Allow provision to create lots for families in Water Conservation District
The recent public hearings on the Watershed Conservation District (WCD) gave rise to considerable passionate testimony, some uncivil behavior and little in the way of compromise.
As a resident and farm owner within the WCD, I am happy to write on behalf of the Smarter Growth Alliance for Charles County to strongly endorse the district. At the same time, the Smarter Growth Alliance understands the need to get the WCD “right.” After thoughtfully regarding the views of many of our fellow citizens who expressed a desire to provide residences for a family member, we believe that a provision should be added allowing for the creation of lots for children within a family owned parcel.
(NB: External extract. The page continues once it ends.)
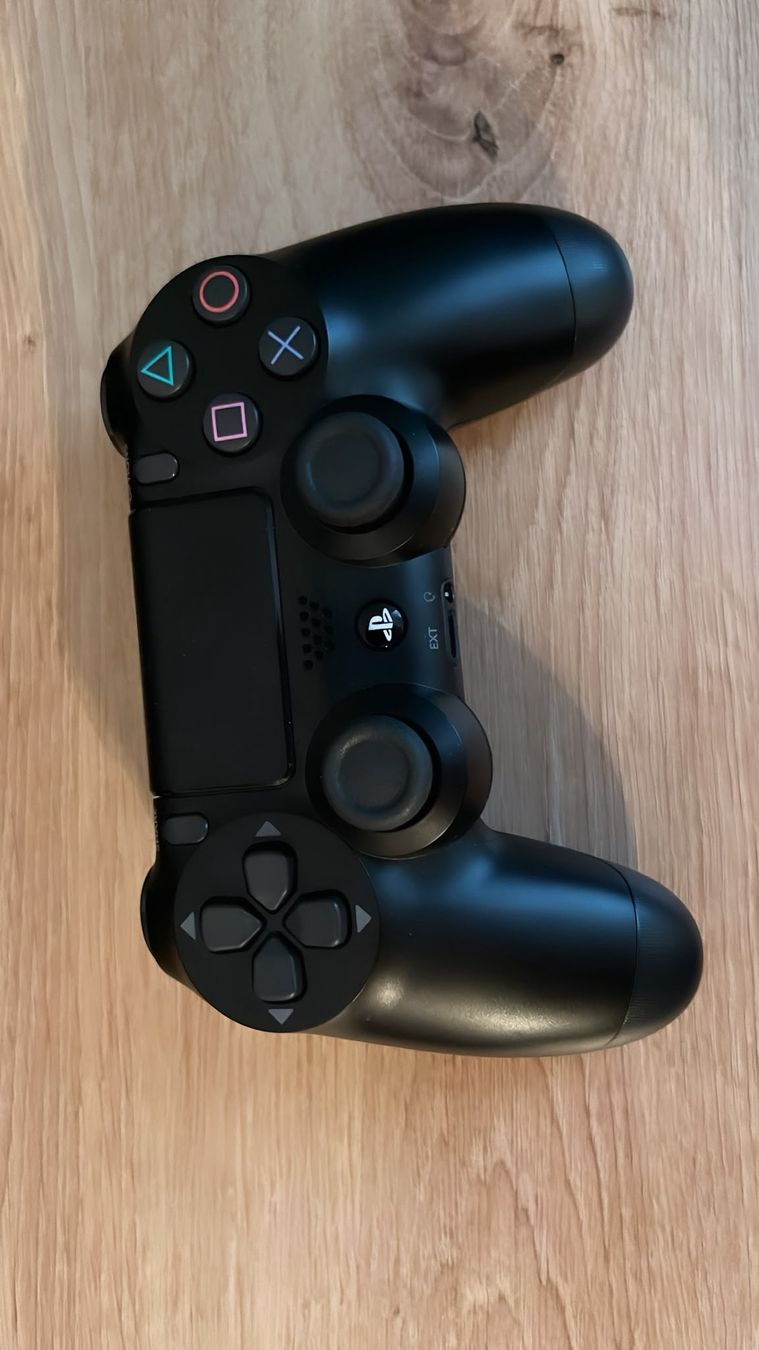 Console: PS4+xbox one+volant xbox/pc – Usato da Fribourg venduto da mal_8zjh 5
By reducing building density, the Watershed Conservation District finally reins in the rampant growth that is bedeviling our quality of life, destroying our cherished rural character and damaging our valuable waterways like Mattawoman Creek and the Port Tobacco River. The Watershed Conservation District is a key element of the new Comprehensive Plan, which evolved over five years of meetings, surveys, hearings, citizen testimony and petitions. The plan, which reflects the public will as expressed during that process, responsibly directs growth, conser ves natural areas and respects our quality of life.
Under the old Comprehensive Plan, land within the Watershed Conservation District would have produced at least 17,000 new housing units, according to public testimony by a representative of the real-estate industry. Allowing that would continue the path that has seen sprawl development replace forest and farmland, and made Charles the worst county in the state for commute times, use of school trailers and property-tax hikes that are needed to service far-flung sprawl, which never pays for itself.
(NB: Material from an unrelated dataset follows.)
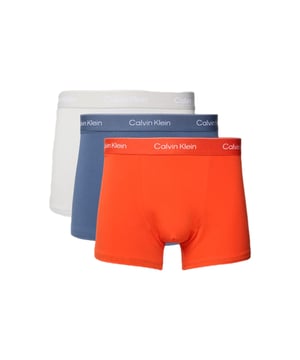 Diese Herren-Boxershorts bieten mit ihrer relaxten Passform und mittleren Leibhöhe ultimativen Komfort für den ganzen Tag. Der elastische Bund sitzt perfekt und sorgt für eine angenehme Passform ohne zu drücken. Im Bund befindet sich ein eingewebter Label-Schriftzug, der das Design subtil aufwertet. Der Dreierpack garantiert nicht nur Vielfalt, sondern auch langfristige Freude an Qualität. Das hochwertige Material fühlt sich weich an und bleibt formbeständig, auch nach vielen Wäschen. Die kurze Schnittführung sorgt für Bewegungsfreiheit und einen modernen Look. Egal, ob beim Sport, in der Freizeit oder zu Hause – diese Boxershorts bieten stets höchsten Komfort. Ihre entspannte Passform macht sie zu einem unverzichtbaren Begleiter für jeden Tag. Der elastische Bund passt sich ideal an und sorgt für perfekten Sitz. Für Männer, die auf Qualität, Komfort und ein schlichtes, stylisches Design setzen.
Polluted runoff from pavement has already damaged Mattawoman Creek, which has declined from “best tributary to the [Chesapeake] Bay” to the tipping point for irreparable harm, according to fishery scientists’ data. Degraded waterways foreclose outdoor recreation opportunities and the tourism economy. The WCD addresses these problems with lower density. It’s not a new approach. Nine other counties in Maryland facing similar loss of rural character have enacted building densities as low as, or lower than, the Watershed Conservation District.
The Watershed Conservation District, once a provision allowing for the creation of lots for children is added, is a critical part of a family-friendly Comprehensive Plan.